“Do You Love Me?”

Jesus, after the resurrection, encounters several of His disciples along the shore of the Sea of Galilee, and in the encounter He asks Peter, not once but three times the question, “Do you love me?” (See John 21)

So, that’s the question I’ve been wrestling with most of the week myself: Do you love me? I must confess that wrestling with that question has caused me no small amount of pain and not a little confusion.

My initial answer, like Peter’s, is “Yes, Lord, you know that I love you.” As with Peter, so with me, Jesus has been persistent in asking the question and with each answer I find myself a little more confused, and if I’m honest, a little more uncertain that my answer is truthful.

I’ve come to the realization that I don’t love Him the way that He loves me. That’s probably because I am unable to grasp how much He really loves me and unless I can grasp that, I can’t love Him that much. Of course, you understand that when I say he loves me that I mean “us”…all of us. He loves us deeply and passionately…so passionately and so deeply, in fact, that He was willing to die for us…to give His life for ours.

Consequently, His call to us is to love others in the same way He loves us. He calls us, like Peter, to pour ourselves out for others (“Feed my lambs,” “Take care of my sheep,” “Feed my sheep”). His love for us is shown by action, not by emotion. Our love for Him can only be seen in our actions toward others. Unfortunately, I’ve come to realize my love for Him stays on the emotional level. I love Him as long as I’m receiving some benefit from Him.

The entire conversation has caused me to question my motivations for leaving full-time ministry in 2019. That’s nearly five years ago now, and this week of reflection on this passage has brought it back up. I’ve wondered if my leaving full-time, vocational ministry is proof that I don’t really love Him. I’ve questioned whether my leaving was courage, or cowardice? I want to believe it was courage. I’ve come to think it was cowardice.

Loving Jesus is a heavy lift. It demands a willingness to “take up our cross and follow Him.” It demands forgiveness. It demands holiness. It demands sacrifice. It demands loving and caring for His sheep…his smelly, dirty, rotten, hard-headed sheep. Did I abandon His sheep? Have I failed to take up the cross? Did I count the cost and determine the price was too high? Was that my way of saying, “Lord, I don’t really love You”? Perhaps I don’t have the strength (or the courage) to do such a heavy lift. After all, I’m not Peter.

I suppose the season of Lent is for grappling with these kinds of deep questions. You might be surprised to discover that when you to get to the end of this blog you’ll not find a deeply compelling answer or a shocking revelation.
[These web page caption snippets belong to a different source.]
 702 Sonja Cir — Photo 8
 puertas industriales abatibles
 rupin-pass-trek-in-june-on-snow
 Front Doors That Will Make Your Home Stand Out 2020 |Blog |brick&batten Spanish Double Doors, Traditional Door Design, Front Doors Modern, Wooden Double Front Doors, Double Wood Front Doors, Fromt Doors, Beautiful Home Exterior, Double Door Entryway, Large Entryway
I’m still grappling with the question. I don’t have an answer yet. Jesus really has backed me into a corner with His question.
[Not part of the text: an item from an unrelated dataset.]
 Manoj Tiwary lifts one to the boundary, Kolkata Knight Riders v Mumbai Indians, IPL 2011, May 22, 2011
All I know to do at this point is pray this prayer: Break me, Lord, until I love you. Let me hurt with the most awful pain until all I have left is to love You. Perhaps I don’t understand what I’m asking for, but perhaps You know best what I need. I know I want to love You the way Peter came to love You. I want to take up my cross and follow You. I want to be broken by You and I want to be broken for You because I want to answer Your question with a definitive, “Yes! Lord You know I love You!”

I can only thank Him that Sunday is coming! Lent can’t be over soon enough.

Until next time, keep looking up…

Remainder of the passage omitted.